# What else is wrong here?



## MTDUNN (Oct 9, 2011)

I repaired the pilot orifice but what else did I find wrong here?

Laundry company for multiple hotels and motels.

100 gallon commercial water heater

199,000 BTU


----------



## PlungerJockey (Feb 19, 2010)

That's a funny looking thermal coupling.


----------



## HSI (Jun 3, 2011)

Is the tube next to the ignighter melted?


----------



## MTDUNN (Oct 9, 2011)

Forgot to mention its only 7 years old. 

First thing I noticed was all that rust


----------



## PlungerJockey (Feb 19, 2010)

7 years is ancient for a commercial W/H around here.


----------



## MTDUNN (Oct 9, 2011)

PlungerJockey said:


> 7 years is ancient for a commercial W/H around here.

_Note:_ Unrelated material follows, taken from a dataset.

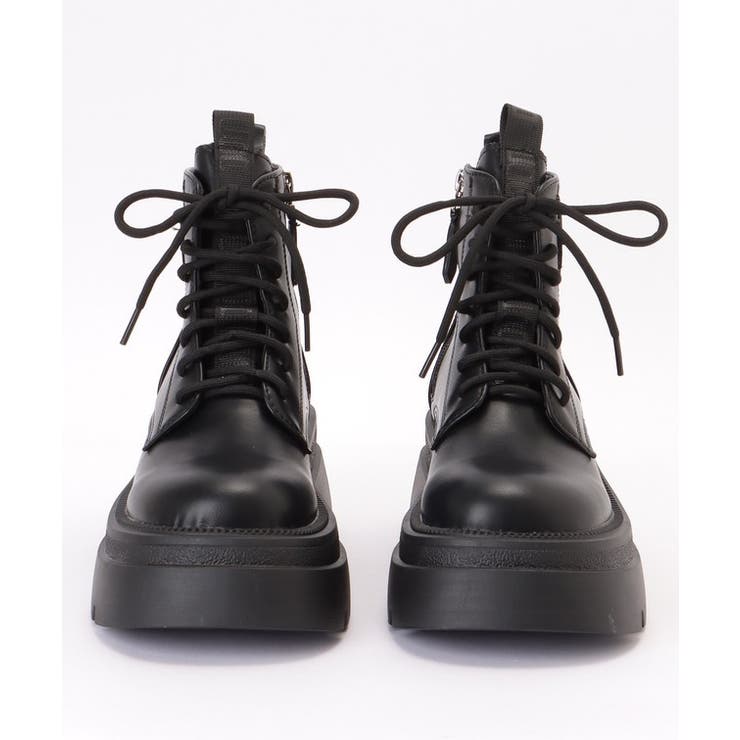 定価47300円 インポート ロングブーツ サイドジップ ベルト 厚底 厚底3段ソールチェーン付き ベルト付きレースアップブーツ（ブーツ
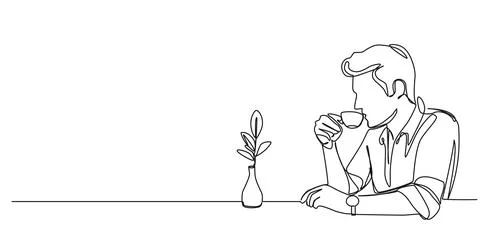 Single line drawing of man drinking cup of espresso イラスト素材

I tried to sell a new one due to the fact that this one is grossly undersized. See all that rust on the burners and igniter assembly! That's from condensation. It barely had a spark. Orifice was clogged. It will happen again soon.


----------



## MTDUNN (Oct 9, 2011)

HSI said:


> Is the tube next to the ignighter melted?


The pilot? No just badly rusted


----------



## Plumberman (Jul 7, 2008)

MTDUNN said:


> I tried to sell a new one due to the fact that this one is grossly undersized. See all that rust on the burners and igniter assembly! That's from condensation. It barely had a spark. Orifice was clogged. It will happen again soon.

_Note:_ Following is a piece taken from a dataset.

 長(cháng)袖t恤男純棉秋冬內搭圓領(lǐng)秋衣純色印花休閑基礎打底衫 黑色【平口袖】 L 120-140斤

I've seen many like that, if its that undersized then it's running constantly hence all the condensation...

Down here it's either from over draw or mechanical rooms with fresh air louvres drawing 100% humidity combustion air.


----------



## johnh (Jul 6, 2013)

Has the CO and O2 been checked with a combustion analyzer?


----------



## CaberTosser (Mar 7, 2013)

A commercial laundry serving that much clientele you bet that bugger is undersized. Should probably have triple the BTU's and double the storage, or perhaps a boiler/exchanger/tank combo.


----------



## MTDUNN (Oct 9, 2011)

johnh said:


> Has the CO and O2 been checked with a combustion analyzer?


No but I did check draft


----------